* [COLLECTED MATERIAL]:

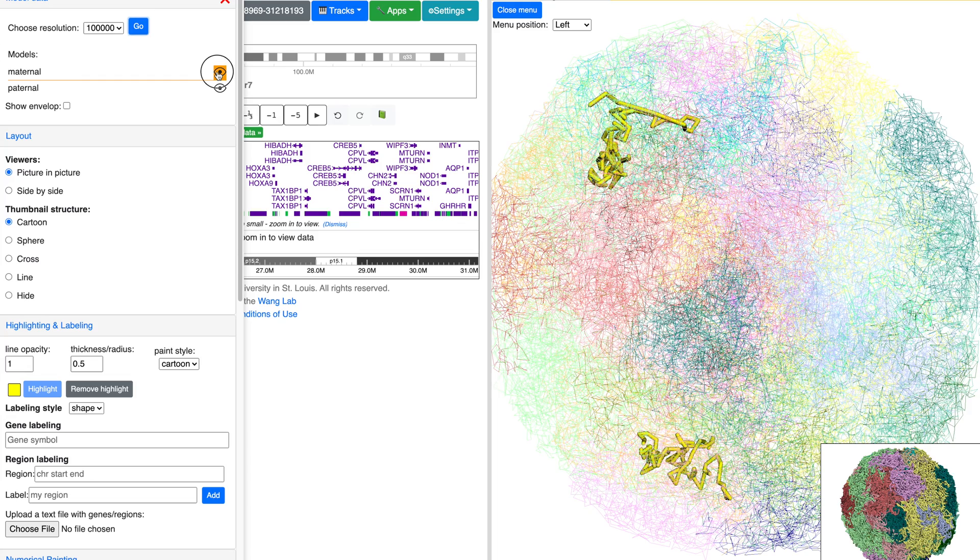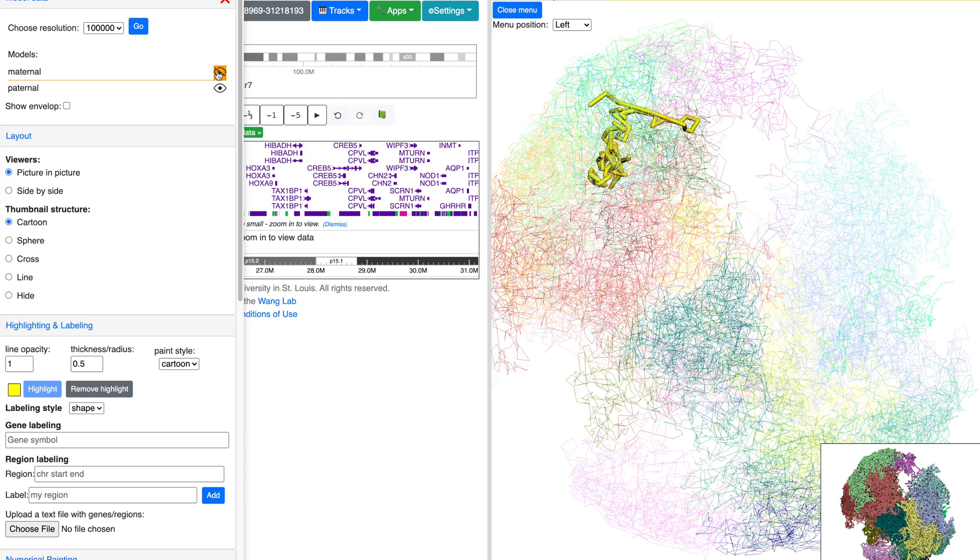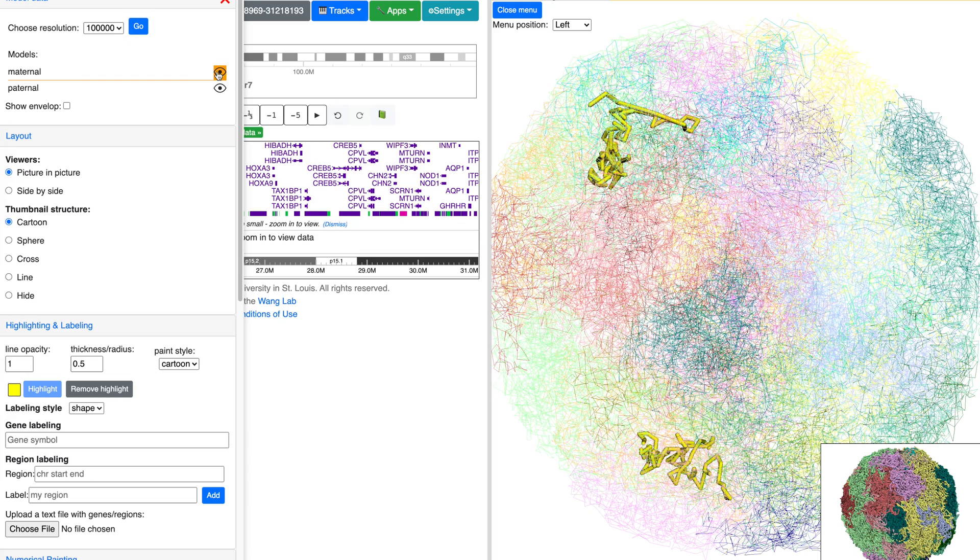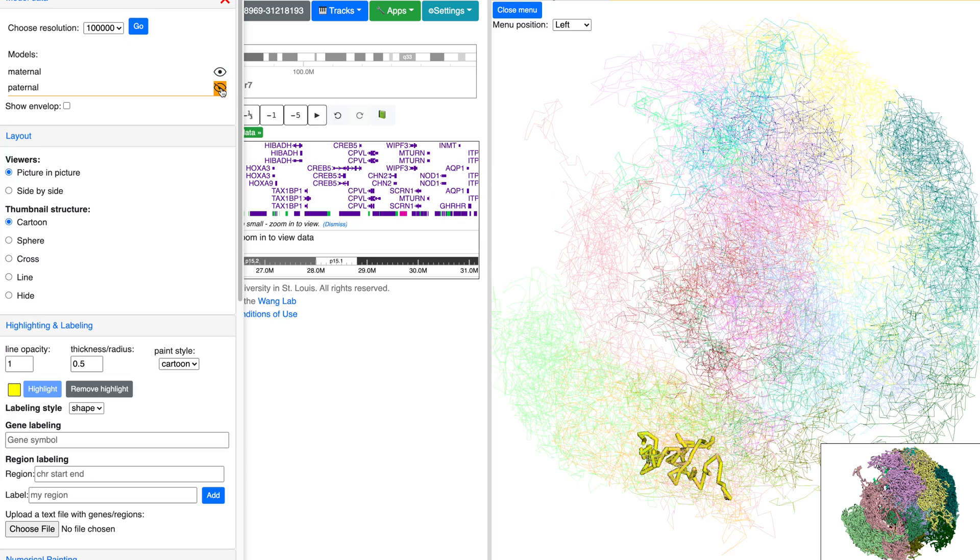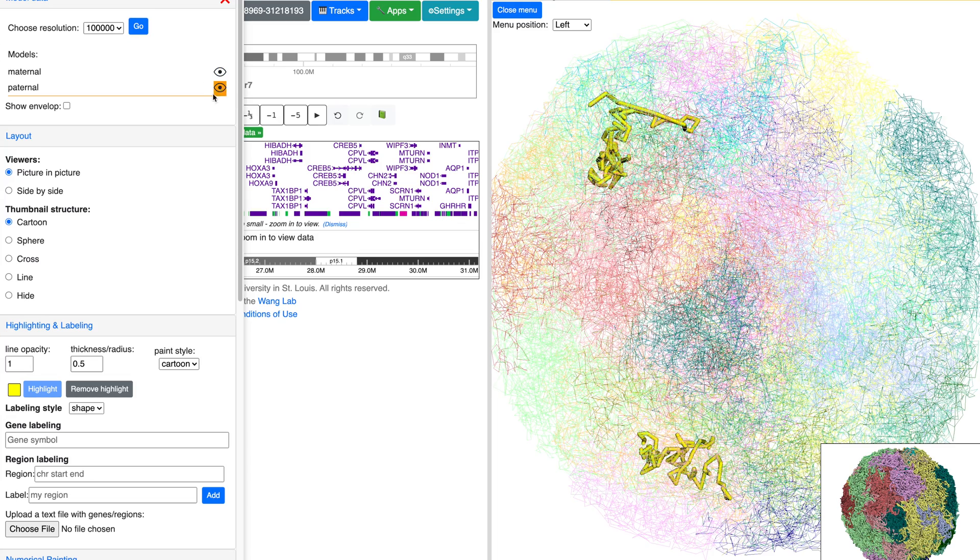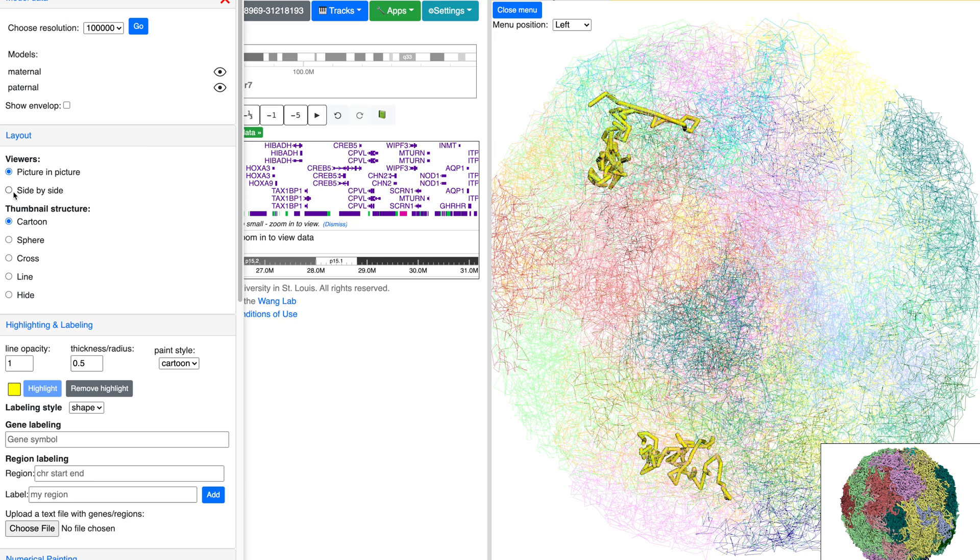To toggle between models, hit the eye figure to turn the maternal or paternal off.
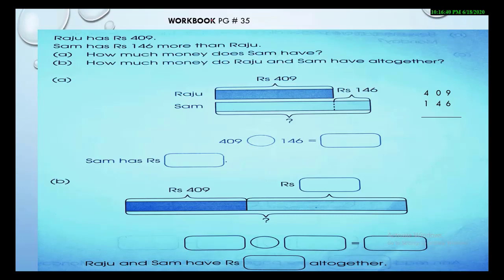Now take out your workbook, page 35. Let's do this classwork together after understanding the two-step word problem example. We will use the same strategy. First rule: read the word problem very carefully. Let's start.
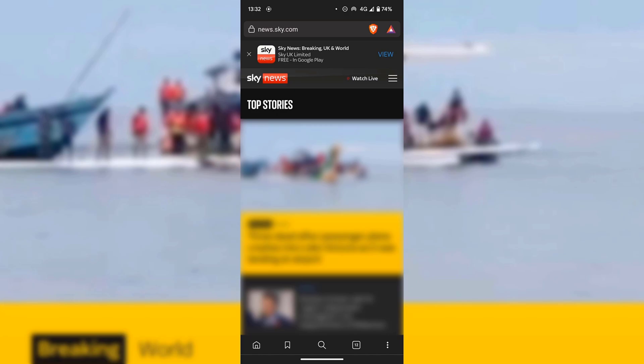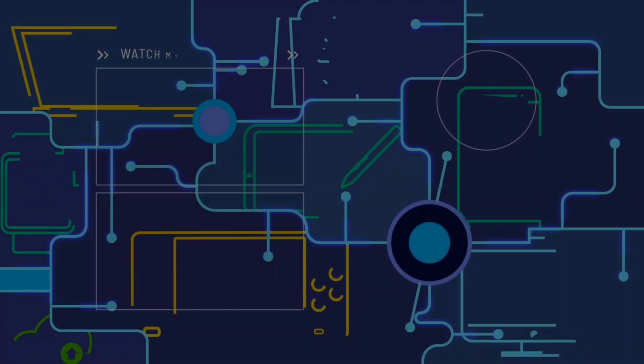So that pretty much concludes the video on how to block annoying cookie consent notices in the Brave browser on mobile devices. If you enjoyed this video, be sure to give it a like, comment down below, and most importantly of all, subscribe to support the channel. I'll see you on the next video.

* [WHAT THE EXERCISE ASKS]:
Leave out the pictures, and retype exactly the lines from the one containing "Now take out" through the last line of the data above, no more and no less.

* [YOUR RESPONSE]:
Now take out your workbook, page 35. Let's do this classwork together after understanding the two-step word problem example. We will use the same strategy. First rule: read the word problem very carefully. Let's start.
So that pretty much concludes the video on how to block annoying cookie consent notices in the Brave browser on mobile devices. If you enjoyed this video, be sure to give it a like, comment down below, and most importantly of all, subscribe to support the channel. I'll see you on the next video.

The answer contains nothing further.